The Times (Bricks & Mortar)
The advice for borrowers approaching the end of a fixed rate period is to plan ahead well in advance. You should start looking for a new deal at least three to six months in advance. It is possible to “reserve” a rate with some lenders for up to six months in advance. If you can’t find, or are simply not eligible for a competitive rate loan elsewhere then staying with your current lender and moving to their SVR may not be the end of the world. Some SVRs are looking quite competitive in the current market, in comparison to some fixed rates.

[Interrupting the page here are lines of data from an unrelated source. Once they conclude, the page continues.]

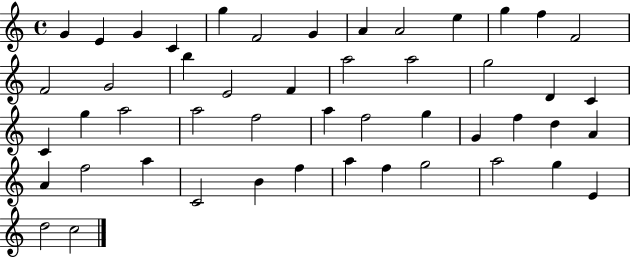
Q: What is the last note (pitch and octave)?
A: C5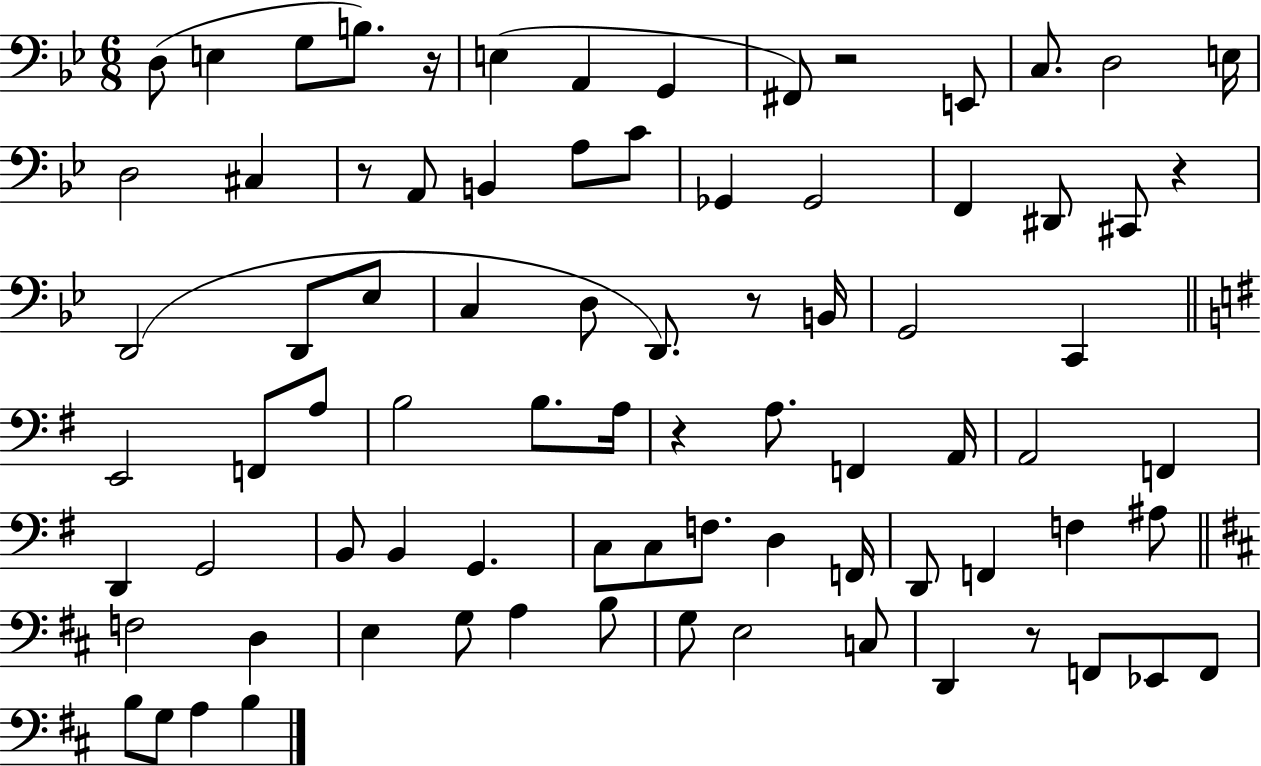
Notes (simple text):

D3/e E3/q G3/e B3/e. R/s E3/q A2/q G2/q F#2/e R/h E2/e C3/e. D3/h E3/s D3/h C#3/q R/e A2/e B2/q A3/e C4/e Gb2/q Gb2/h F2/q D#2/e C#2/e R/q D2/h D2/e Eb3/e C3/q D3/e D2/e. R/e B2/s G2/h C2/q E2/h F2/e A3/e B3/h B3/e. A3/s R/q A3/e. F2/q A2/s A2/h F2/q D2/q G2/h B2/e B2/q G2/q. C3/e C3/e F3/e. D3/q F2/s D2/e F2/q F3/q A#3/e F3/h D3/q E3/q G3/e A3/q B3/e G3/e E3/h C3/e D2/q R/e F2/e Eb2/e F2/e B3/e G3/e A3/q B3/q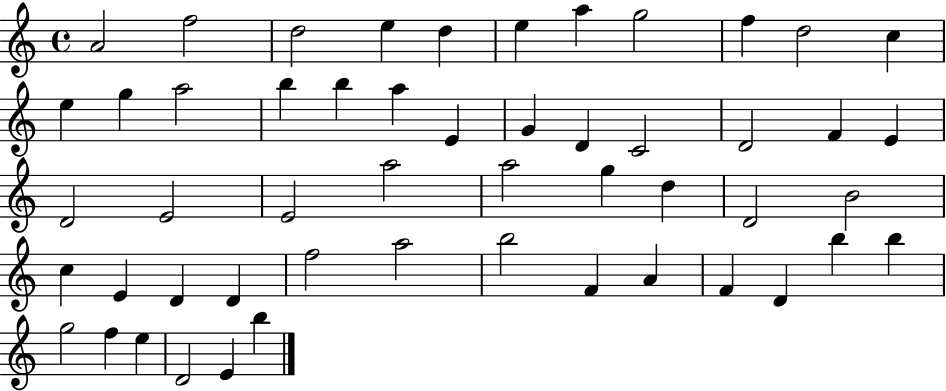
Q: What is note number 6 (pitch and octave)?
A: E5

Remember also that the SVR is not a forgone conclusion. Talk to your current lender; they may play ball and put you onto another competitive rate - rather than lose your custom. Above all, don’t panic; there are no penalties for switching away from your mortgage once you’ve exited the fixed “honeymoon” period, so you can always remortgage later when conditions are more favourable. Having just said that - watch out for mortgages that tie you into an Early Redemption Charge (ERC) after the fixed rate has finished. An example of this underhand trick is the Norwich & Peterborough Building Society who are now trying to tie you in for a couple of extra years after the discount period. Move early and face a penalty of 5% of the outstanding balance.
If you have savings, it could be an option to use them to create more equity in your property by paying off a chunk of the current home loan. This will give you a better loan-to-value ratio and increase the number of mortgage products available at more competitive rates.